Two minutes later, Boston got a chance to make things more respectable when Maxim Lapierre was called for a double high-sticking minor and was sent off for four minutes, but they couldn’t generate much, and actually allowed Montreal the best scoring chance, when Connecticut’s Own Max Pacioretty scooped up a loose puck and skated in on a 2 on 1 shorthanded bid with Metropolit, but Rask easily made the save.
As if taunting the Bruins, Montreal gave them yet another opportunity, when Scott Gomez was called for slashing with 1:26 still remaining on the power play. And then as if that wasn’t enough, they gave Boston yet more help when Plekanec was called for punching Kreijci in the face. Boston kept the puck in the Canadien zone for about an hour and a half on the delayed penalty, skating 6 on 3, but their only chance, a Chara deflection, was smartly kicked out by Price, to the raucous jeers of the home crowd.
Sturm immediately put a stop to the 2-man advantage when he was called for tripping on the ensuing face-off.

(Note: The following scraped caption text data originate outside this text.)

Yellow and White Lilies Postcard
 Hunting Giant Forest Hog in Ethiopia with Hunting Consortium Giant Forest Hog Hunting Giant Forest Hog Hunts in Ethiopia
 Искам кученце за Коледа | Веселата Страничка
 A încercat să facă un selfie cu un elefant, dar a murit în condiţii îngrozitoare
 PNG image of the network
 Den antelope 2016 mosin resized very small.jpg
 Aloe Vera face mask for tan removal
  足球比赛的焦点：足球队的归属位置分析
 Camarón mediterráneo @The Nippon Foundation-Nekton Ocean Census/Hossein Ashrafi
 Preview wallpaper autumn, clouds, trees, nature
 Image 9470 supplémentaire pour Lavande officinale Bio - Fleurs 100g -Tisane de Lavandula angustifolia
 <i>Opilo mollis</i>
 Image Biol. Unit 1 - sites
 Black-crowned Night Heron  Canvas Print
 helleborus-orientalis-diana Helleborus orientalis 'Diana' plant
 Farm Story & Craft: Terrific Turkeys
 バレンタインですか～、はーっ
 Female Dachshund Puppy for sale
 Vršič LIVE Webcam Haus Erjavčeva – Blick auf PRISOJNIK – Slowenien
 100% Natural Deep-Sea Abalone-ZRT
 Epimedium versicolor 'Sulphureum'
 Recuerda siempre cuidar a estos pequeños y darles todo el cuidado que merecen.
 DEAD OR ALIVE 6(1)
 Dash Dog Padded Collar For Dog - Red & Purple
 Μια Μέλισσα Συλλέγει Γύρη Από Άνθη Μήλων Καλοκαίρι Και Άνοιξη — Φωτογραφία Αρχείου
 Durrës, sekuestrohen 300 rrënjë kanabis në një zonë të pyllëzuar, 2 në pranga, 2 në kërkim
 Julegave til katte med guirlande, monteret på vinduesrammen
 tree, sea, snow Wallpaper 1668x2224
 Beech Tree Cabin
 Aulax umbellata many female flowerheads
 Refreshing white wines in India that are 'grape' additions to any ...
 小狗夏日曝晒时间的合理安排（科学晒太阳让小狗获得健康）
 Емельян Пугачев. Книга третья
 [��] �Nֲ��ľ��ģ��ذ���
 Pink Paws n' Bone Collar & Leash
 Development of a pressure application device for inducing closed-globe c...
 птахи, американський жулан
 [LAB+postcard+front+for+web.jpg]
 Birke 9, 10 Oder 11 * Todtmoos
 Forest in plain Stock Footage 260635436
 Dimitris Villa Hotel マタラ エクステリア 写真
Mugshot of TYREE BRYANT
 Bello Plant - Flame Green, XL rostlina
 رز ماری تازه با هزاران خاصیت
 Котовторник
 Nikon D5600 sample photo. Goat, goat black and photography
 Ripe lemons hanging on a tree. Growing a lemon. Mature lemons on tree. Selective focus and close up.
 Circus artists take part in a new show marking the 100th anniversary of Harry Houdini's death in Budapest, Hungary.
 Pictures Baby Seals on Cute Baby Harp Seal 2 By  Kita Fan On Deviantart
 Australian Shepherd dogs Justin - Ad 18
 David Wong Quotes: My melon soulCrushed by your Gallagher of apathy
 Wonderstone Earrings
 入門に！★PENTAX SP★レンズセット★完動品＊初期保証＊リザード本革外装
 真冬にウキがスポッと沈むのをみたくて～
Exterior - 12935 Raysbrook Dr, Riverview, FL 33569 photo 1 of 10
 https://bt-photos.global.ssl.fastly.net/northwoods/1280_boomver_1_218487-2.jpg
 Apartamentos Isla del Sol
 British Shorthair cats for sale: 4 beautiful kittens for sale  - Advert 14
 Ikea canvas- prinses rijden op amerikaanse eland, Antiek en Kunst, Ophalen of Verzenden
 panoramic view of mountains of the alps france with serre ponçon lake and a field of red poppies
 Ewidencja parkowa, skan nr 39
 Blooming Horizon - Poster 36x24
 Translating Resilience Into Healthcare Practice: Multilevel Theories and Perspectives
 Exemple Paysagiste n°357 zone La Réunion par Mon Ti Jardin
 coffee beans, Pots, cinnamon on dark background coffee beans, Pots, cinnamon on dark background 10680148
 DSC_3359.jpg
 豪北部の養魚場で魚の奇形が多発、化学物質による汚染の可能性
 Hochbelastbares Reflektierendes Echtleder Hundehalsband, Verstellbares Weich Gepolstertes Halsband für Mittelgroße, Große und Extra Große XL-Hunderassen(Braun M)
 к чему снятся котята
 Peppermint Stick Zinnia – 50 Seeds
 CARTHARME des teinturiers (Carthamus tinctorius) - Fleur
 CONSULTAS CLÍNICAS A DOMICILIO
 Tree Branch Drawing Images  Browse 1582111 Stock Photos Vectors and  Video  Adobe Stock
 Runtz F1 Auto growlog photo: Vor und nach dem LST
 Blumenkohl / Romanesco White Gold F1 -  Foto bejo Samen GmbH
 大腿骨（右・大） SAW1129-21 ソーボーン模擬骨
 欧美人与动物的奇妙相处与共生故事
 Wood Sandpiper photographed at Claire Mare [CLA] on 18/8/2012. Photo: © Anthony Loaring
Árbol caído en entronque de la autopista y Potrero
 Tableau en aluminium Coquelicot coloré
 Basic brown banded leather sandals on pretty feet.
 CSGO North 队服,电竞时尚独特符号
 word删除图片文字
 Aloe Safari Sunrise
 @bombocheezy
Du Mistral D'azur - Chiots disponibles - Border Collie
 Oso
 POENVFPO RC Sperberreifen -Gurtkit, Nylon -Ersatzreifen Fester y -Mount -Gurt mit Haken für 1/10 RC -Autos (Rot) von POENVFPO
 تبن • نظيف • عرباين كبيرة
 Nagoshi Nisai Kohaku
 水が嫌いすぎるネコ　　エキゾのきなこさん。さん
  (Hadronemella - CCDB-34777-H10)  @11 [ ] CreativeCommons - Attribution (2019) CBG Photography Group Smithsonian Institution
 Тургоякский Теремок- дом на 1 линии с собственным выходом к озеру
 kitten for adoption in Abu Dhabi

The teams then pointlessly slapped the puck around to little effect for a while, with the Bruins falling to a pathetic 0-for-8 on the power play.
The third period ticked away mostly uneventfully after that, as the Bruins’ seven-game point streak came to a close, and Canadiens fans chortled, sang, taunted and celebrated wildly, as their legendary team moved back to within one game of .500, only four spots away from the conference’s last playoff berth.